▶ **Instructions to follow**
Reproduce exactly, with no pictures, each line from the opening of the material down through the line containing "Jon M. Chu Instagram".

▶ **Given records**
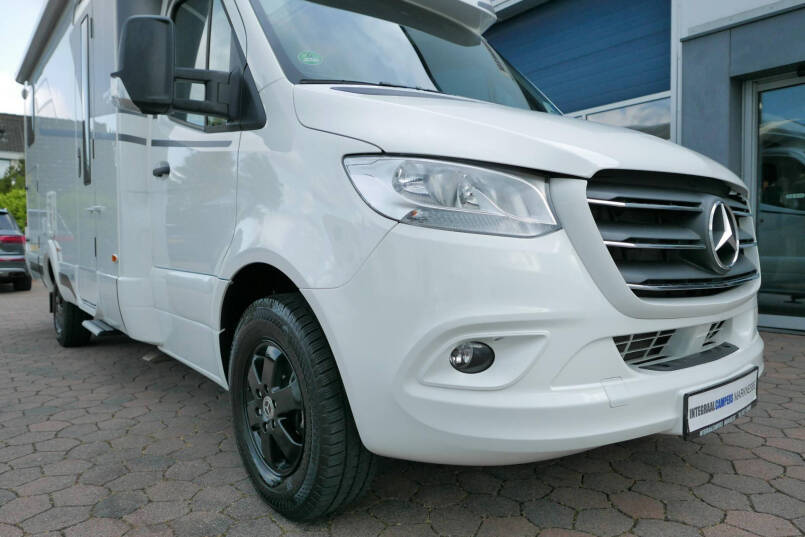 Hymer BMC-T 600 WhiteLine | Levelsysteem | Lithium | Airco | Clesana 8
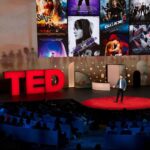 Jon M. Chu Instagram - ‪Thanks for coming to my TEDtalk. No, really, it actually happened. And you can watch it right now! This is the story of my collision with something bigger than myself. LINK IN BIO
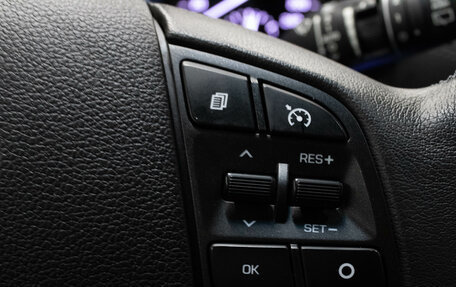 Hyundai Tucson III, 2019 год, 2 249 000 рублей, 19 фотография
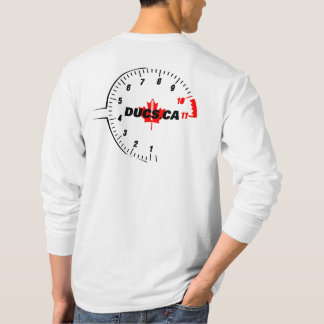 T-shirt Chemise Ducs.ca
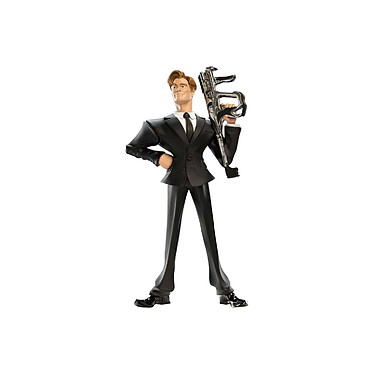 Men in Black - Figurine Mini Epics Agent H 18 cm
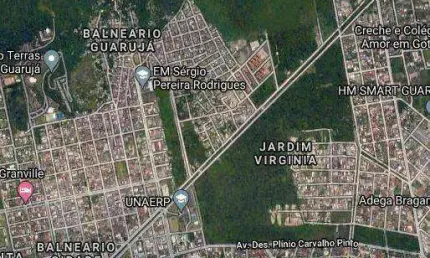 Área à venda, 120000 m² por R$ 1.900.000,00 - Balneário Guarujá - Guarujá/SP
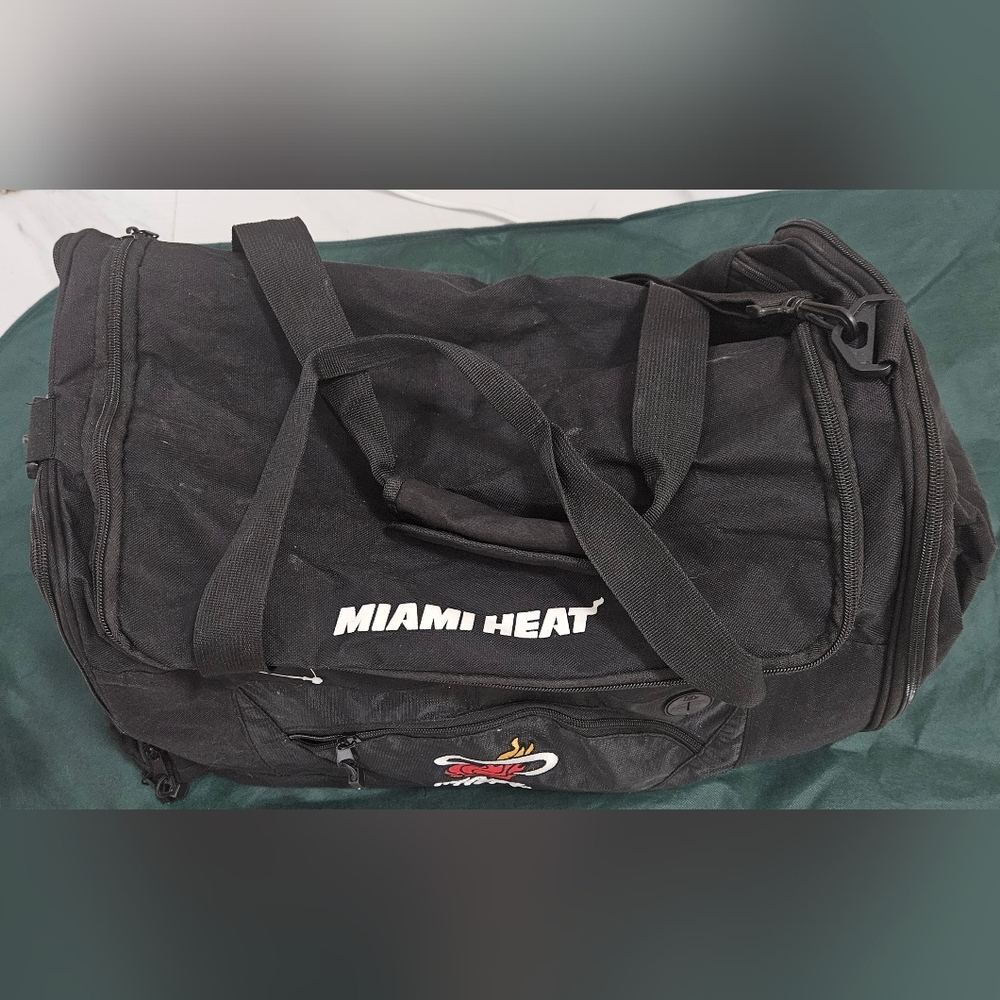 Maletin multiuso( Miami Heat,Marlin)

▶ **Solution**
 Hymer BMC-T 600 WhiteLine | Levelsysteem | Lithium | Airco | Clesana 8
 Jon M. Chu Instagram - ‪Thanks for coming to my TEDtalk. No, really, it actually happened. And you can watch it right now! This is the story of my collision with something bigger than myself. LINK IN BIO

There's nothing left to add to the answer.